I would love for Duolingo to focus more on content, and not just on gamification. Right now, the main courses (such as Spanish and German) are great, but many courses are short, lack grammar tips, and have mistakes.

Even the Spanish course has problems: I am currently on unit 175 out of 211, and I have noticed that the lessons gradually have more and more problems. Some phrases are stiff, some are completely unnatural (and people complain in the comments), sometimes there are only a handful of accepted translations and we are forced to guess, and sometimes translations are inconsistent - even though several questions have a similar structure, the accepted answers are different.

Another point is the recent redesign.
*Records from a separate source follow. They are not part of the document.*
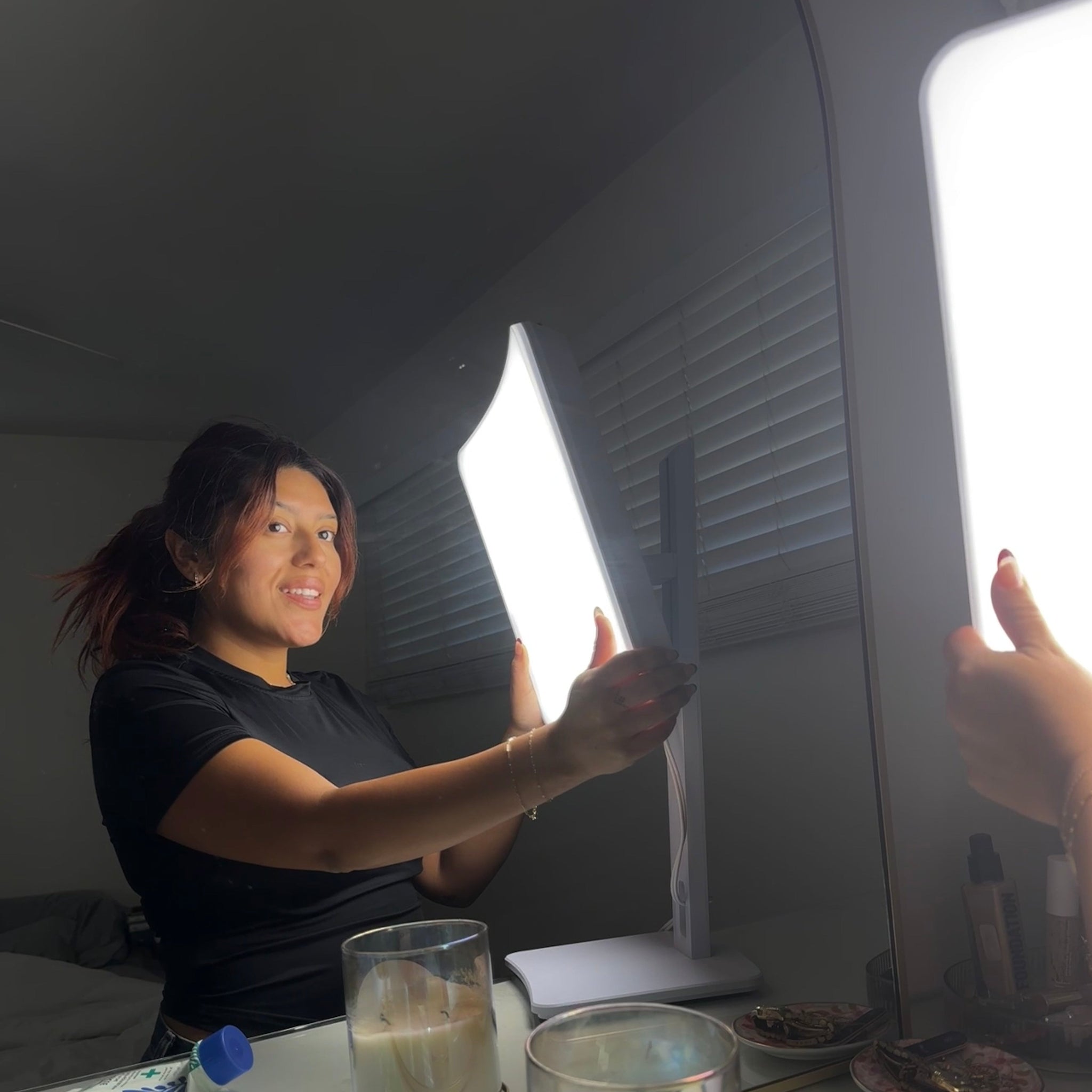 A woman adjusting the  Day-Light Elite Light Therapy Lamp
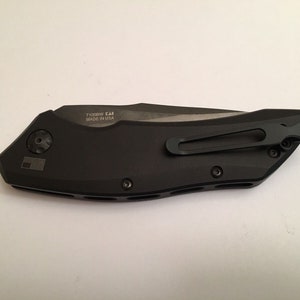 May include: A black folding knife with a pocket clip and a black handle. The knife has a silver blade and the text "7100BW CAI MADE IN USA" is engraved on the handle.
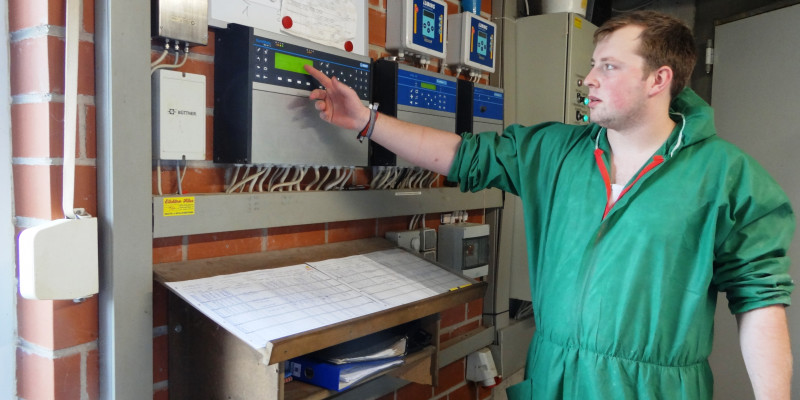 Landwirt in Schutzkleidung vor Anzeigetafel eines digitalen Monitoringsystems.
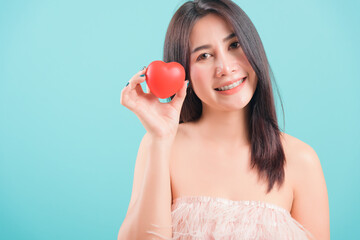 Obraz na płótnie Canvas Asian happy portrait beautiful young woman standing smile holding red heart on hand near face on blue background with copy space for text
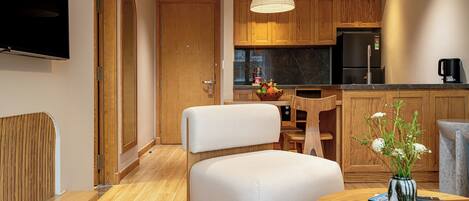 A modern kitchen with wooden cabinets, a built-in refrigerator, and a dining area with a white chair and a table.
Personally, I'm okay with it and I have no problem with changing the tree into the path. What I didn't like is that the course was artificially inflated, and now we have to repeat the same things many times. One could argue that repetition is key to learning a language, but it can get tedious when you have to answer the same question multiple times without making any mistakes. Furthermore, the exercises themselves are becoming easier - previously there were more questions where it was necessary to type in the full translation, but now in most exercises we only need to input a single word or rearrange the word cards.

Lastly, many people who seriously participate in the leaderboard ranking don't actually learn the language, they simply farm experience. Their usual approach is to rack up XP bonuses and redo a single exercise dozens and even hundreds of times in a row. It's sad that this behavior is encouraged.

As for myself, I use Duolingo simply as an additional practice tool. I use many other resources for actual language learning. I recently reached Spanish B2 level, and many years ago, I reached German B2 and Japanese N3.

3 comments

> previously there were more questions where it was necessary to type in the full translation, but now in most exercises we only need to input a single word or rearrange the word cards.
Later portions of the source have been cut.